# [Information]
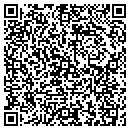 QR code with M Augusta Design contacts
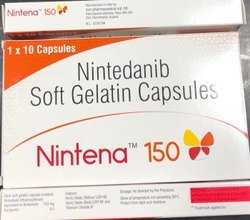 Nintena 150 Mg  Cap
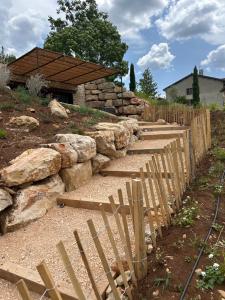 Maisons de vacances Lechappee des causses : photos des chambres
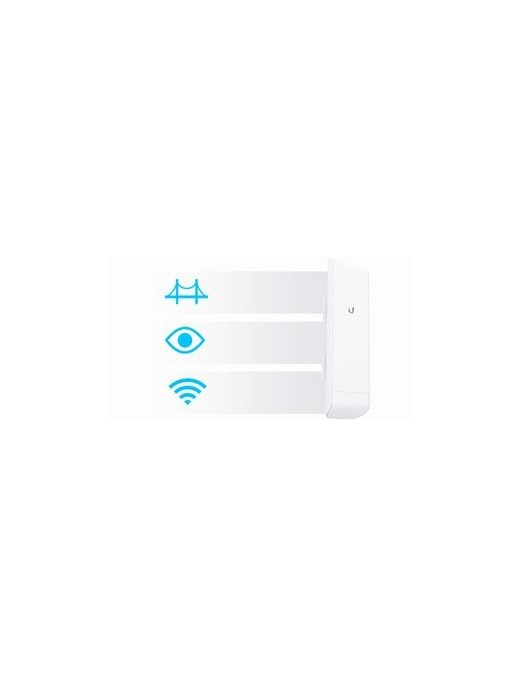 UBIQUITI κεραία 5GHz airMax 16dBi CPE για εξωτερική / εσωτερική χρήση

--

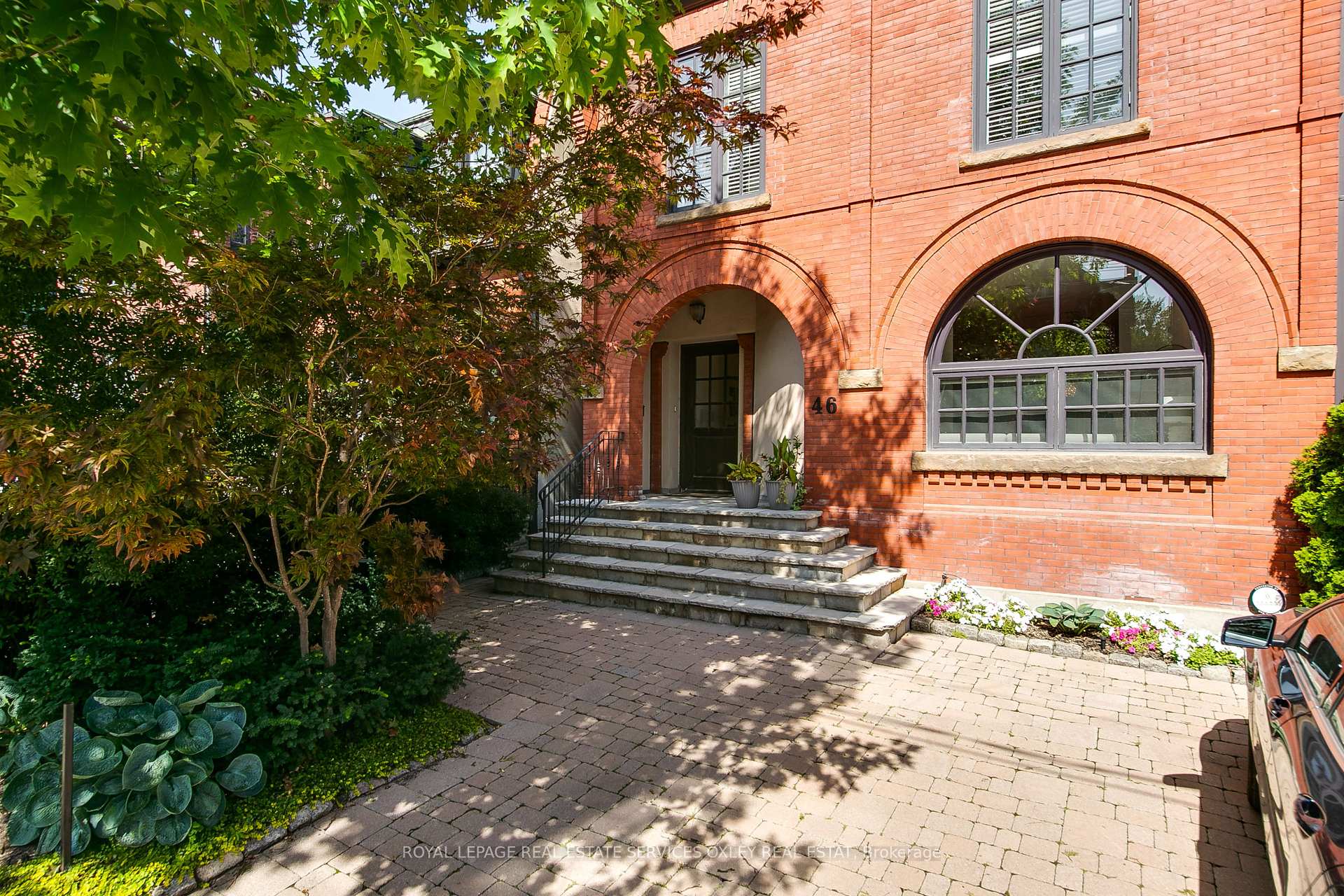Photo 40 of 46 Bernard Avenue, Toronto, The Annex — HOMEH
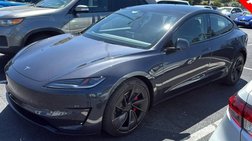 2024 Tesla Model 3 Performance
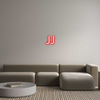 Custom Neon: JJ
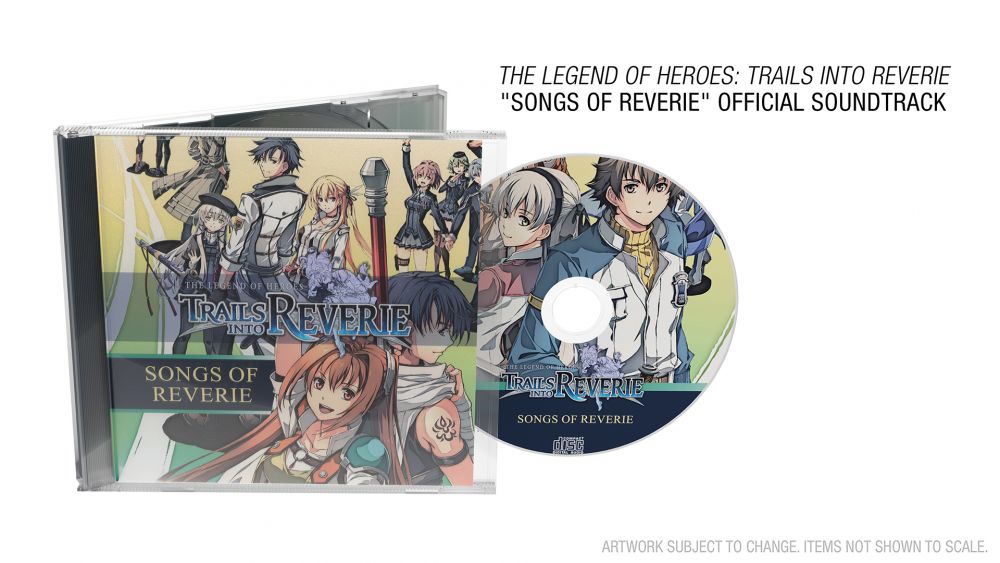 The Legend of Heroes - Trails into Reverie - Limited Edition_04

# [Your instructions]
Only one stretch of the data is wanted: write out exactly the lines from the one holding "Nintena 150 Mg" through the one holding "UBIQUITI κεραία 5GHz", both included, without the pictures.

# [Result below]
 Nintena 150 Mg  Cap
 Maisons de vacances Lechappee des causses : photos des chambres
 UBIQUITI κεραία 5GHz airMax 16dBi CPE για εξωτερική / εσωτερική χρήση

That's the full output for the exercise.